Significa uscire dalla logica del “cartellone” e costruire una narrazione. Significa dare attenzione anche al silenzio, al paesaggio, alla memoria collettiva. A volte significa creare frizioni, far emergere contraddizioni. Per noi è importante che il pubblico non consumi, ma si trasformi, anche solo per una notte.

Che tipo di responsabilità sentite, oggi, come festival, rispetto a ciò che accade nella scena?

Sentiamo la responsabilità di non fare finta di niente. Di prendere posizione quando serve, di offrire uno spazio reale a chi non ce l’ha, di non alimentare l’ansia da prestazione che soffoca molti artisti. Ma anche di prenderci cura di chi partecipa, ascoltando i bisogni di una generazione spesso sfruttata e disillusa.

Photo: Karen Righi @karen__righi

Che tipo di impatto può avere un festival come il vostro sul territorio in cui si svolge?

Negli anni, abbiamo contribuito a modificare la percezione di una città come Foligno, da luogo di passaggio a spazio di sperimentazione. Un festival può aprire brecce nel quotidiano, trasformare gli immaginari locali, generare connessioni durature. Ma solo se non arriva “da fuori”, bensì cresce insieme alla comunità.


Quali sono le dinamiche locali, sociali o politiche, con cui vi confrontate quando organizzate il festival?

Operare in una città di provincia significa confrontarsi ogni giorno con tensioni tra innovazione e conservazione. Bisogna dialogare con istituzioni che a volte non comprendono il linguaggio della contemporaneità, con operatori economici disillusi, con una cittadinanza che cambia. Eppure è proprio qui che può nascere qualcosa di autentico.

E se la scena non fosse un mercato, ma un ecosistema da proteggere?

Lo è. E come ogni ecosistema fragile, ha bisogno di ascolto, diversità, equilibrio. Proteggerlo significa anche rallentare, sottrarsi alla bulimia dell’hype, difendere spazi non profit, e ridare valore alla qualità delle relazioni, non solo alla visibilità.

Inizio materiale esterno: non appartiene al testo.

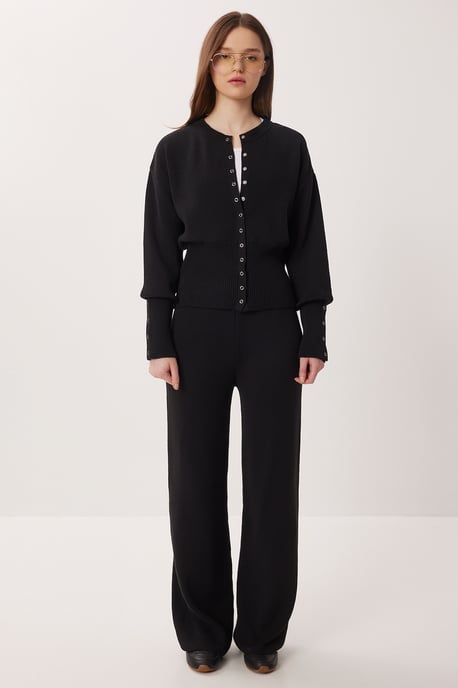 Rippstrick-Co-Ord-Set mit Knopfverschluss - Image 2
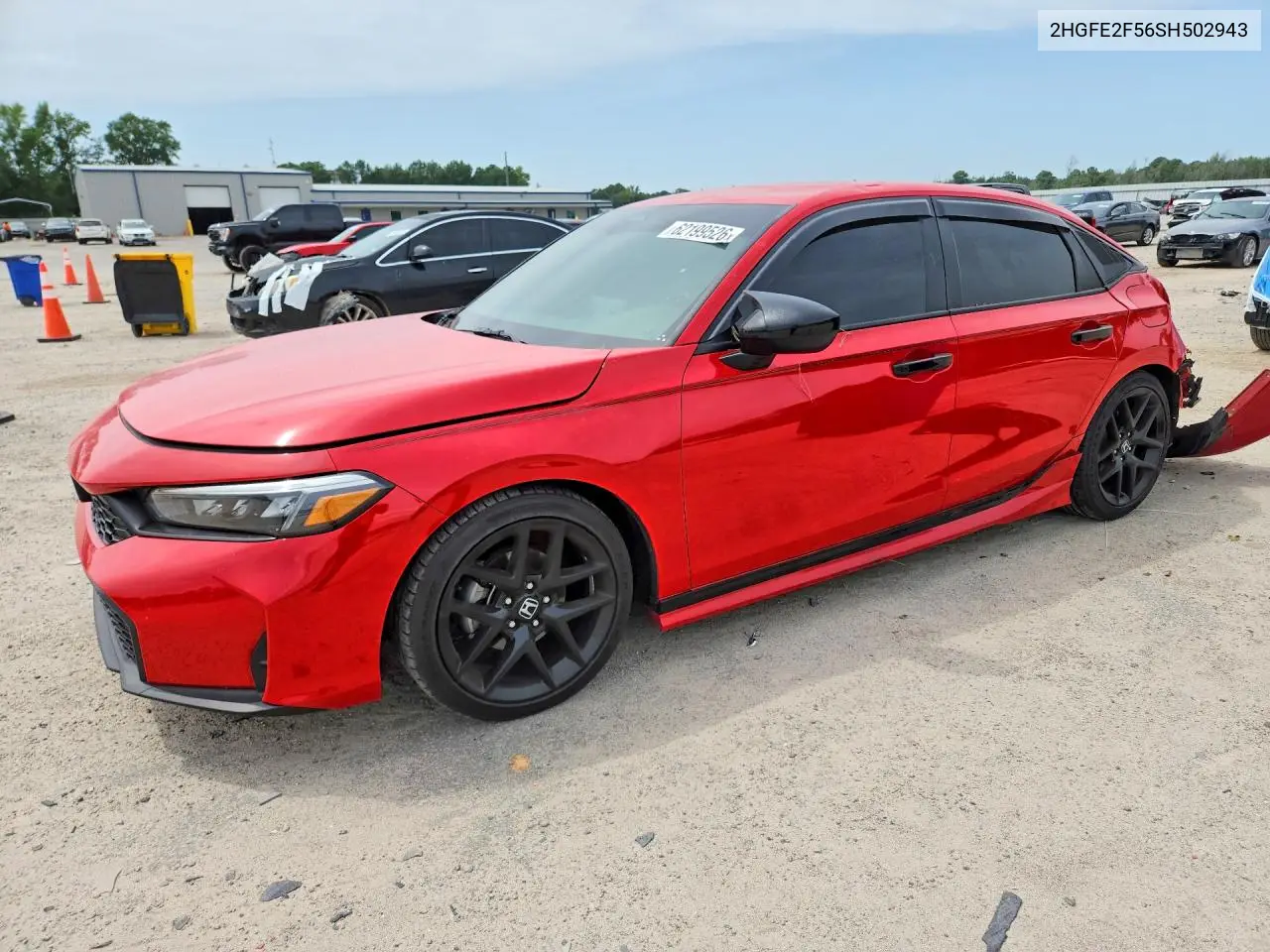 2HGFE2F56SH502943 2025 Honda Civic Sport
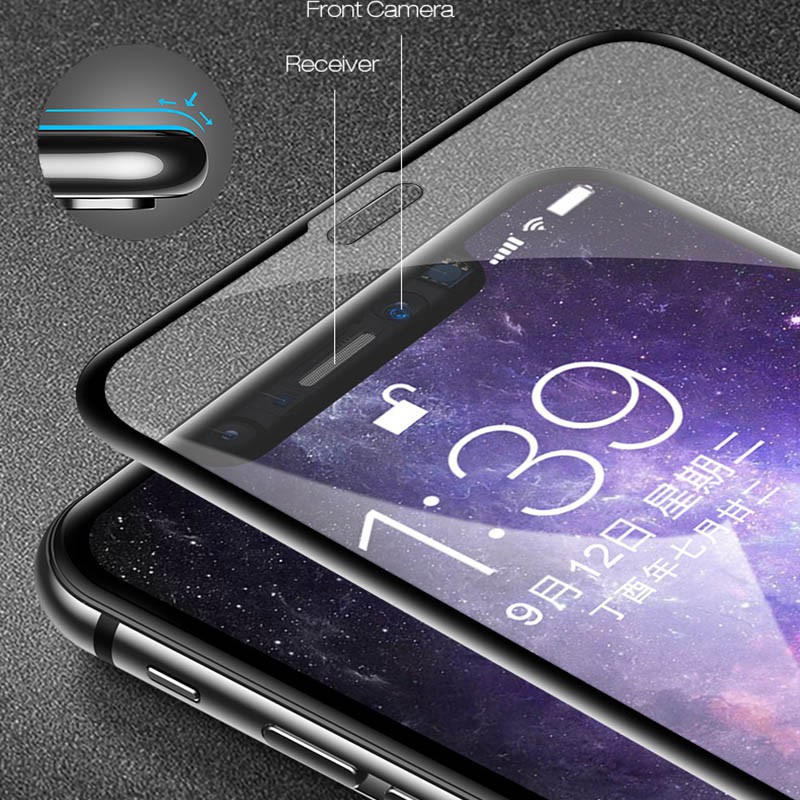 Full-screen tempered glass for iPhone X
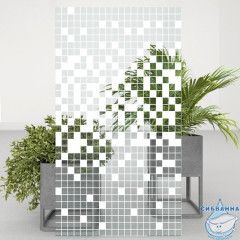 Душевое ограждение Тритон Стандард В 90x90 профиль белый, стекло мозаика Щ0000061809 (с поддоном)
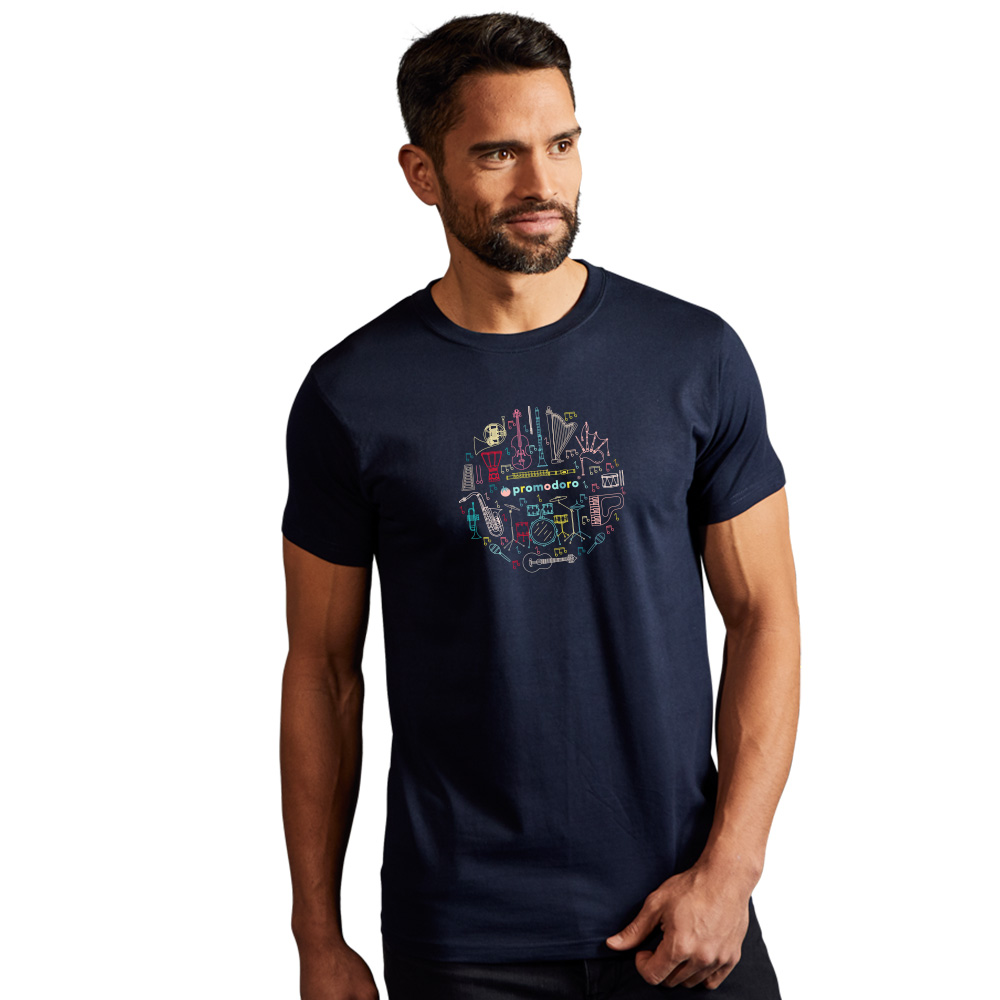 Print "promodoro orchestra" Premium T-Shirt Herren, Marineblau, XXL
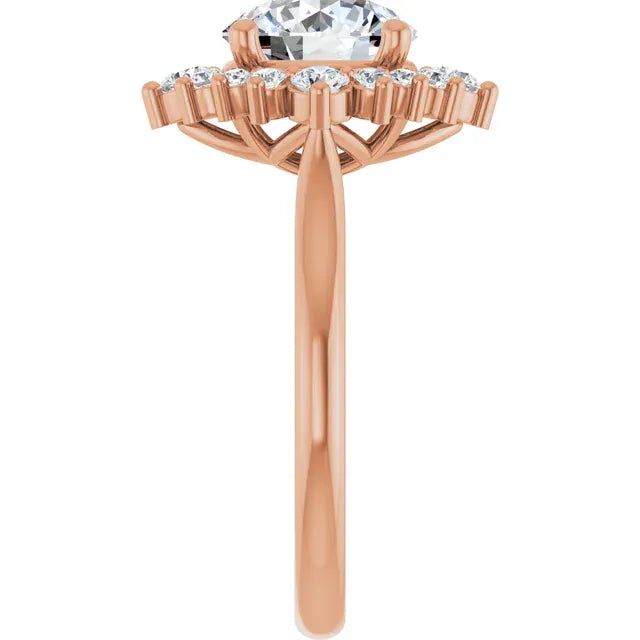 The Royal Halo Engagement Ring | Round | 2 ⅜ CTW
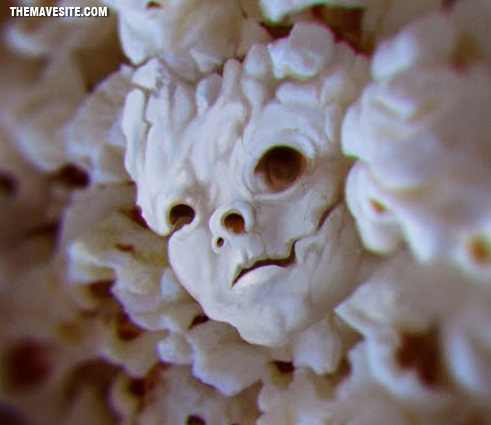 popcorn up close - meme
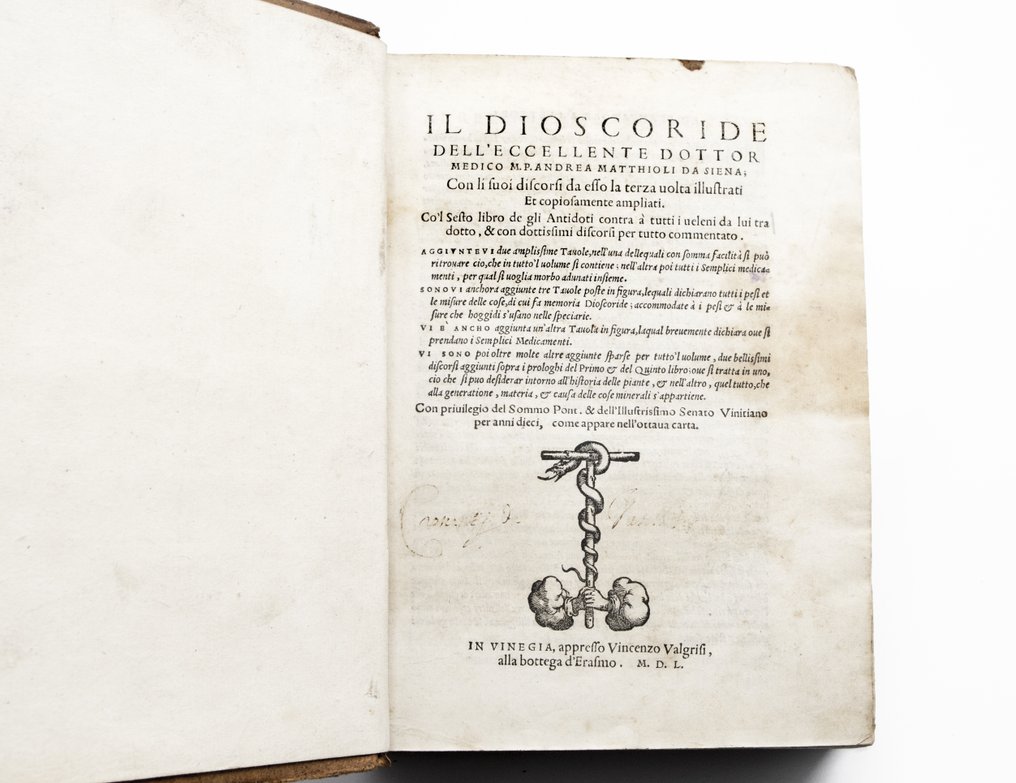 Matthioli - Dioscoride - 1550 #1.0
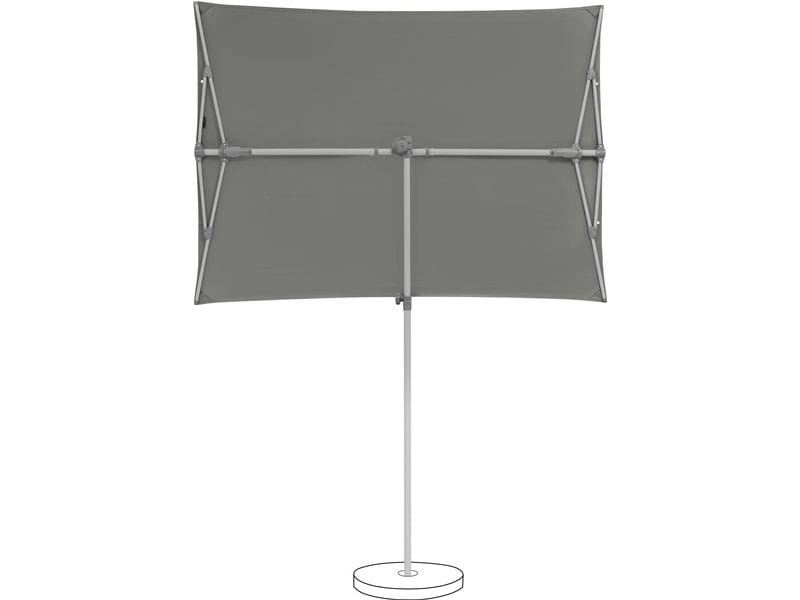 Suncomfort by Glatz Sonnenschirm Flex Roof 195 x 140 cm, Stone Grey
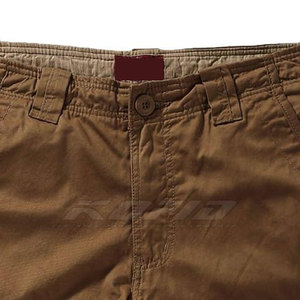 Pantalones cortos cargo para senderismo y uso casual al aire libre, pantalones cortos cargo de moda para hombre, tela de algodón con cierre de cremallera y diseño de bolsillos para el verano - Product Image 5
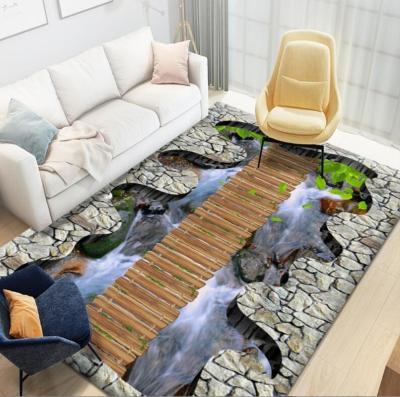 China Beautiful Scenery Household Bedroom Living Room Floor Carpet Special Style en venta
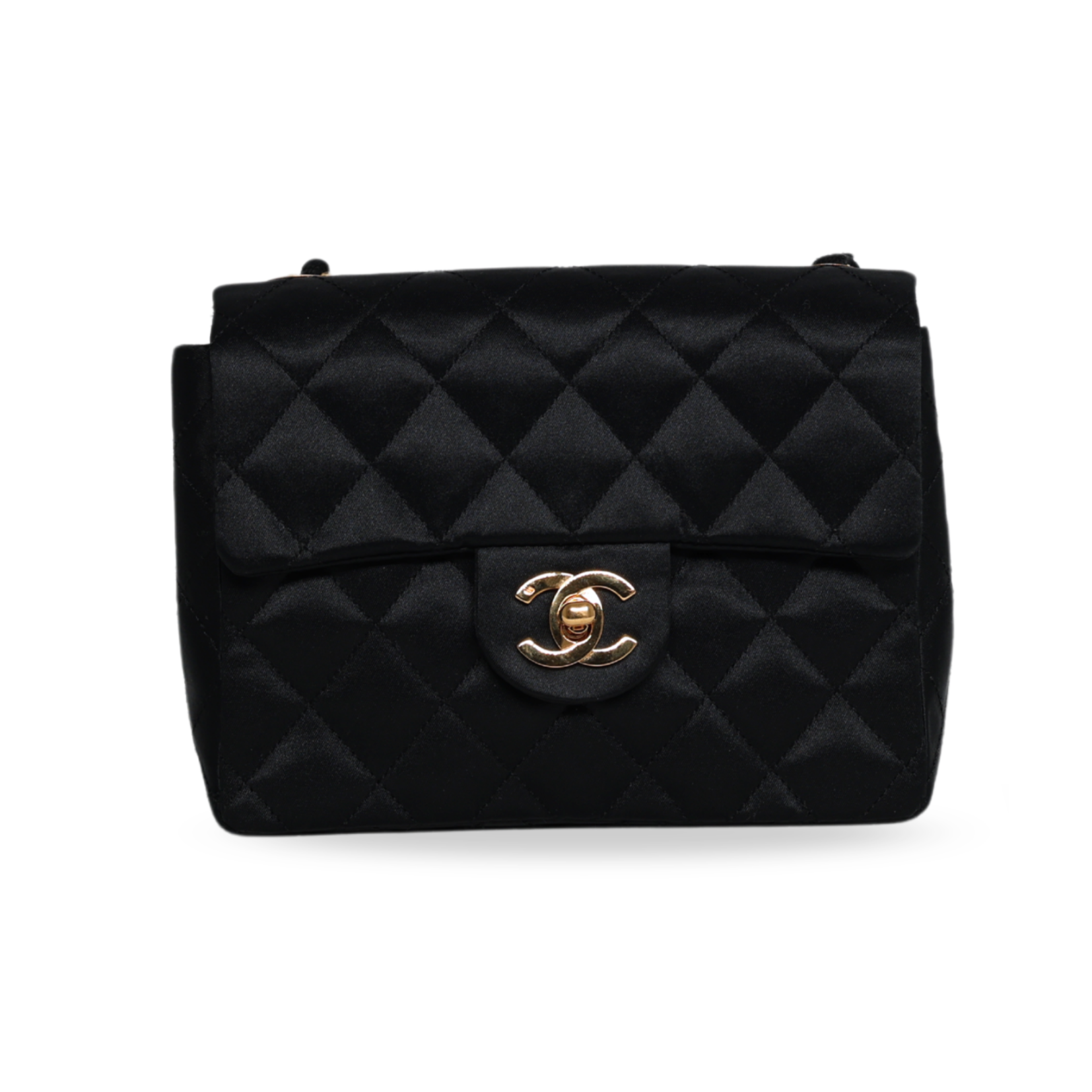 Chanel - Satin Mini Square Flap Bag (Pre-Owned)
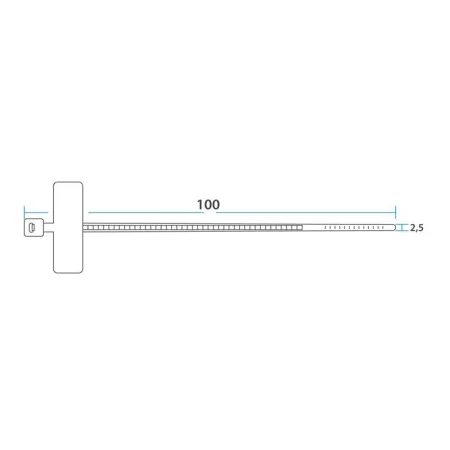 Хомут кабельный 2.5х100 под маркер нейл. бел. (уп.100шт) Rexant 07-0106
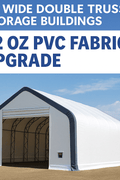 30′ Wide Double Truss Storage Buildings – Heavy - Duty PVC Fabric Shelters - Portable Storage Shelter with 22 OZ PVC Fabric Upgrade 30X60X20 | Sold by Uncle Wiener's Wholesale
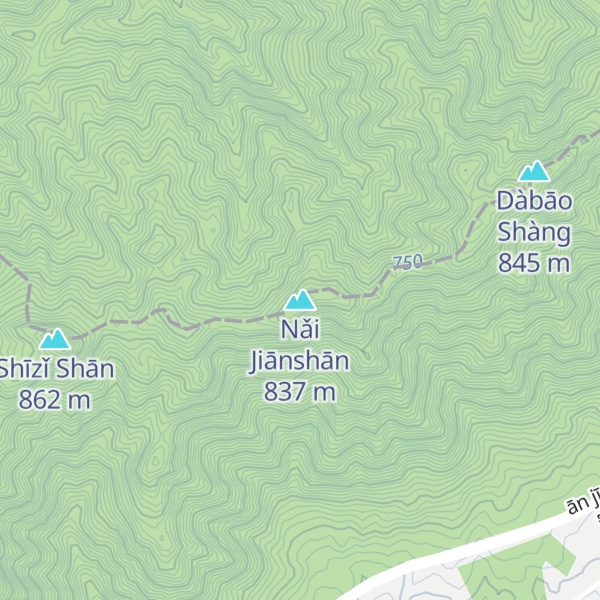 Map of Nǎi Jiānshān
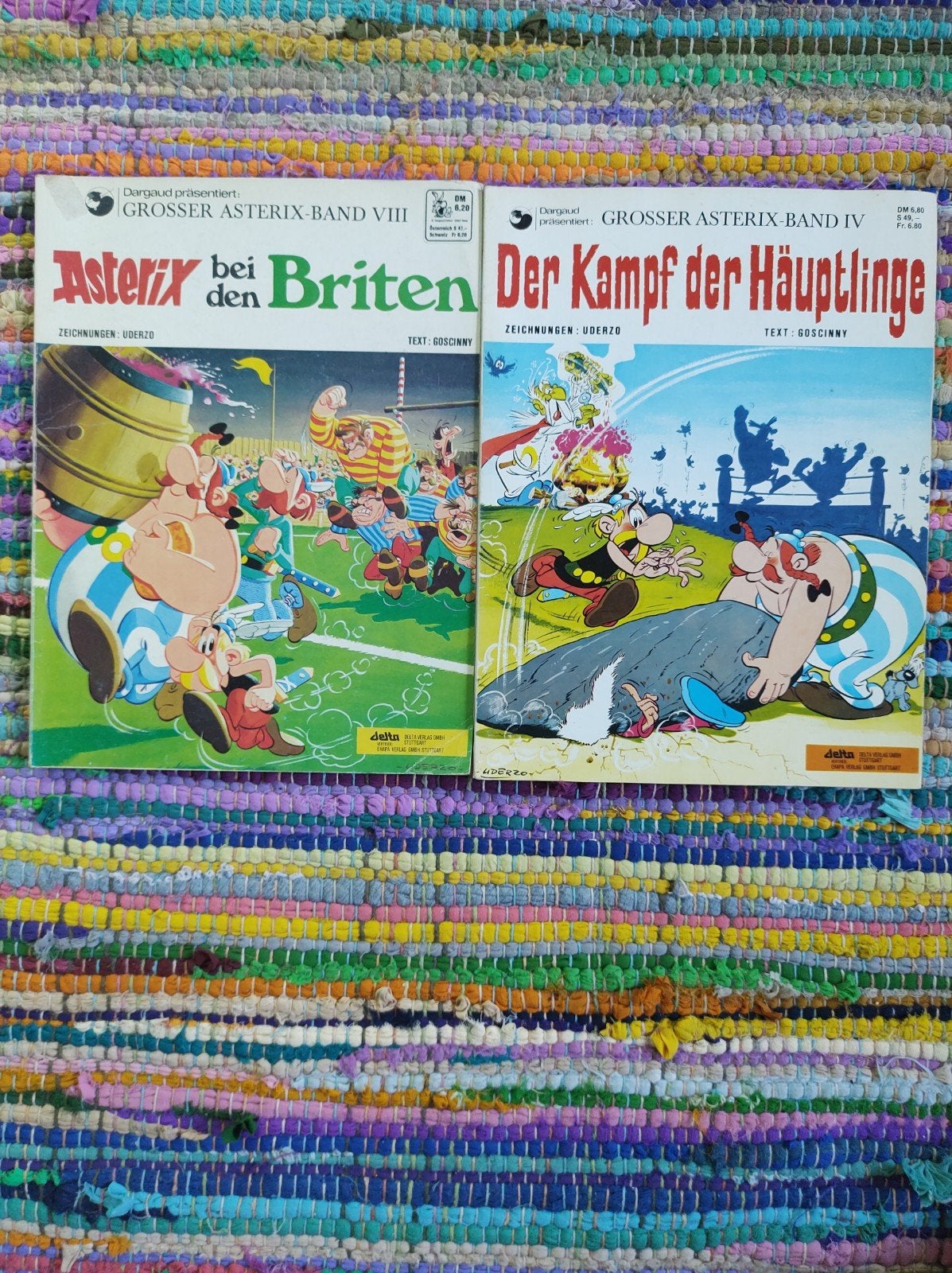 Asterix stripboeken - Duits - Deel IV en VIII, Boeken, Stripboeken, Meerdere stripboeken, Ophalen of Verzenden, Gelezen, René Goscinny, Albert Uderzo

Cosa fareste per proteggerlo?

Stiamo già cercando di farlo: costruendo alleanze, creando progetti editoriali come Dancity Mag, mantenendo rapporti etici con gli artisti, promuovendo pratiche accessibili e sostenibili. E, quando serve, dicendo di no.

In che modo vi relazionate con le altre realtà che compongono la scena? C’è dialogo o frammentazione?

Entrambe le cose. C’è dialogo con chi condivide una visione, anche se con forme diverse. Ma c’è anche frammentazione, alimentata dalla precarietà, dalla competizione per le risorse, e da un certo narcisismo diffuso. Noi cerchiamo sempre di scegliere la cooperazione, anche quando costa più fatica.